<<<<
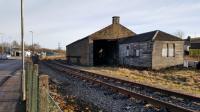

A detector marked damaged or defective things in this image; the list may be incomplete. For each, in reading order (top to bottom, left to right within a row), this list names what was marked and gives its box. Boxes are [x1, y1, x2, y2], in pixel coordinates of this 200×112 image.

rusty rail surface [44, 60, 200, 111]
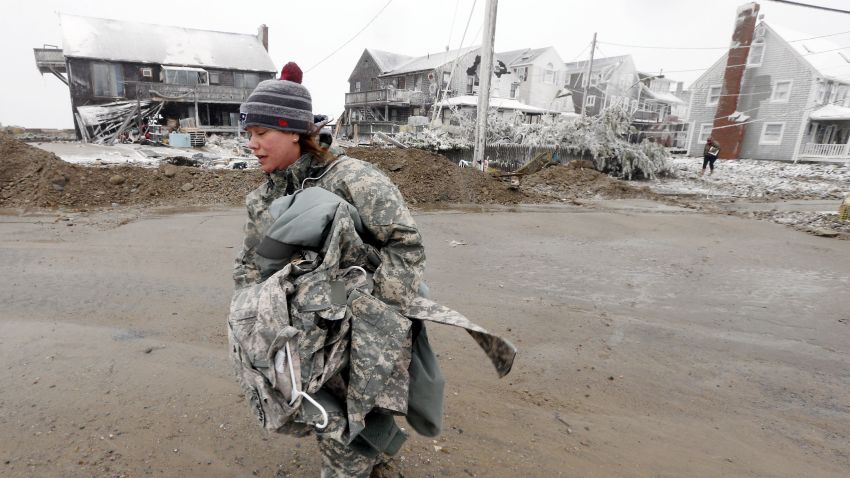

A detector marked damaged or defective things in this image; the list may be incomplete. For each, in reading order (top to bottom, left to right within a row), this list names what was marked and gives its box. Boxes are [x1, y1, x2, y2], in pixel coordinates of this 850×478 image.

damaged house [34, 13, 274, 142]
broken structure [34, 14, 274, 143]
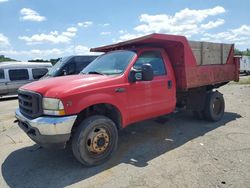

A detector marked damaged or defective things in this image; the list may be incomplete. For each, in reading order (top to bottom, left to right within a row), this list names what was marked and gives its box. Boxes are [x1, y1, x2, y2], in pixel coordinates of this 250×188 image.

rusty dump bed [91, 33, 238, 90]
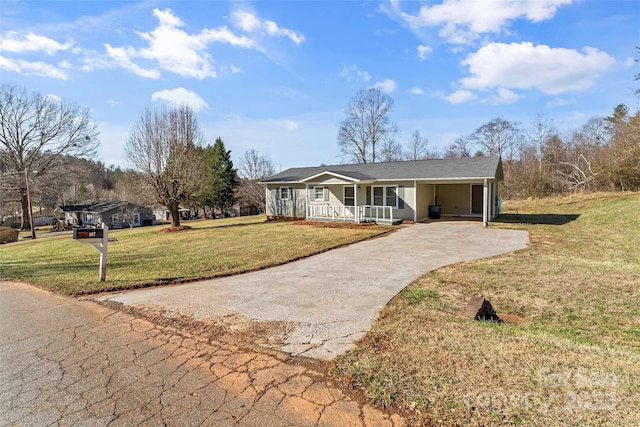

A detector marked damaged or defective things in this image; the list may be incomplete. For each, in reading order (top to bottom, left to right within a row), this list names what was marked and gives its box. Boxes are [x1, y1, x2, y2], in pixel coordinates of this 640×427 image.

cracked pavement [0, 282, 402, 426]
cracked pavement [101, 222, 528, 360]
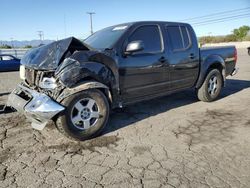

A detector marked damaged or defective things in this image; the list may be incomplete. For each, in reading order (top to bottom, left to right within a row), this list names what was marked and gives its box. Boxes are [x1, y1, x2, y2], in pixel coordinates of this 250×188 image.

crumpled hood [20, 37, 90, 70]
broken front bumper [6, 84, 64, 130]
detached bumper piece [6, 84, 64, 130]
damaged front end [6, 37, 118, 131]
cracked asphalt [0, 48, 250, 188]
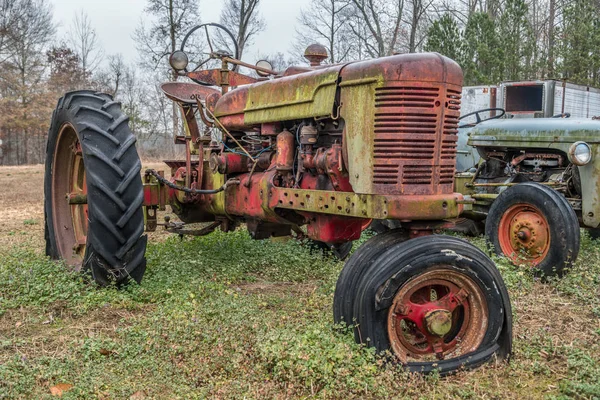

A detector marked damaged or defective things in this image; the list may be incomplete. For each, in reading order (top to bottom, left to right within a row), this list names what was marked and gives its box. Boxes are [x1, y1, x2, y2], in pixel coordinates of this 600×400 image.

cracked rubber tire [44, 90, 147, 284]
rusty red tractor [43, 23, 510, 374]
cracked rubber tire [352, 234, 510, 376]
cracked rubber tire [486, 183, 580, 276]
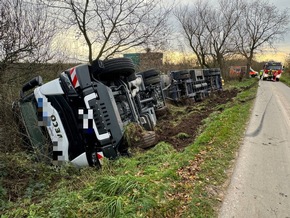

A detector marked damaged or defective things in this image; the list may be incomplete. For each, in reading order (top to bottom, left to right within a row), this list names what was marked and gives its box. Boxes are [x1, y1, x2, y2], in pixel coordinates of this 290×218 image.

overturned truck [13, 57, 165, 167]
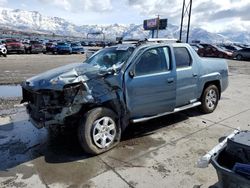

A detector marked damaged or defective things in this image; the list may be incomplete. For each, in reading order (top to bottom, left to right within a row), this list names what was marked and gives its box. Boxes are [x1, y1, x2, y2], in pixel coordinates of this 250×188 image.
>>>>
- **What you have to do**: Word for word, quote the full listing, omitting every picture.

- **Output of the exercise**:
A detector marked damaged or defective things in this image; the list may be incomplete. For each, in reading order (top to bottom, left to right within a row), this list names what was marked and gives its box. Boxes are [x1, y1, x2, y2], in pixel coordinates of this 200×112 image.

rusty rail surface [44, 60, 200, 111]

A detector marked damaged or defective things in this image; the list may be incomplete. For each, in reading order (top to bottom, left to right within a row), this list names what was marked and gives its box. Boxes are [x1, y1, x2, y2], in pixel coordinates of this 850×478 image.

damaged house [34, 13, 274, 142]
broken structure [34, 14, 274, 143]

A detector marked damaged or defective things in this image; the list may be incomplete. For each, in reading order (top to bottom, left to right within a row), this list names what was marked and gives its box. Boxes are [x1, y1, x2, y2], in pixel coordinates of this 250×188 image.

rusty dump bed [91, 33, 238, 90]

A detector marked damaged or defective things in this image; the list may be incomplete. For each, in reading order (top to bottom, left to right within a row), this list names what was marked and gives its box. Boxes are [x1, y1, x2, y2], in pixel coordinates of this 640×427 image.

cracked pavement [0, 282, 402, 426]
cracked pavement [101, 222, 528, 360]

A detector marked damaged or defective things in this image; the list may be incomplete. For each, in reading order (top to bottom, left to right within a row), this list names what was marked and gives its box. Boxes are [x1, y1, x2, y2], in pixel coordinates of this 250×188 image.

crumpled hood [20, 37, 90, 70]
broken front bumper [6, 84, 64, 130]
detached bumper piece [6, 84, 64, 130]
damaged front end [6, 37, 118, 131]
cracked asphalt [0, 48, 250, 188]

A detector marked damaged or defective things in this image; the list may be incomplete. For each, in reading order (top to bottom, left to right within a row), this list names what was marked and gives its box. Boxes are [x1, y1, x2, y2], in pixel coordinates of this 600×400 image.

cracked rubber tire [44, 90, 147, 284]
rusty red tractor [43, 23, 510, 374]
cracked rubber tire [352, 234, 510, 376]
cracked rubber tire [486, 183, 580, 276]

A detector marked damaged or defective things in this image; the list may be incomplete. For each, in reading order (top to bottom, left to right within a row), this list names what was marked and gives its box. Boxes are [x1, y1, x2, y2], in pixel coordinates of this 290×218 image.

overturned truck [13, 57, 165, 167]

A detector marked damaged or defective things in this image; the list may be incomplete. For each, in reading order (top to bottom, left to right within a row), this list names what was marked and gives its box. Boxes are [x1, y1, x2, y2], in pixel coordinates of this 250×188 image.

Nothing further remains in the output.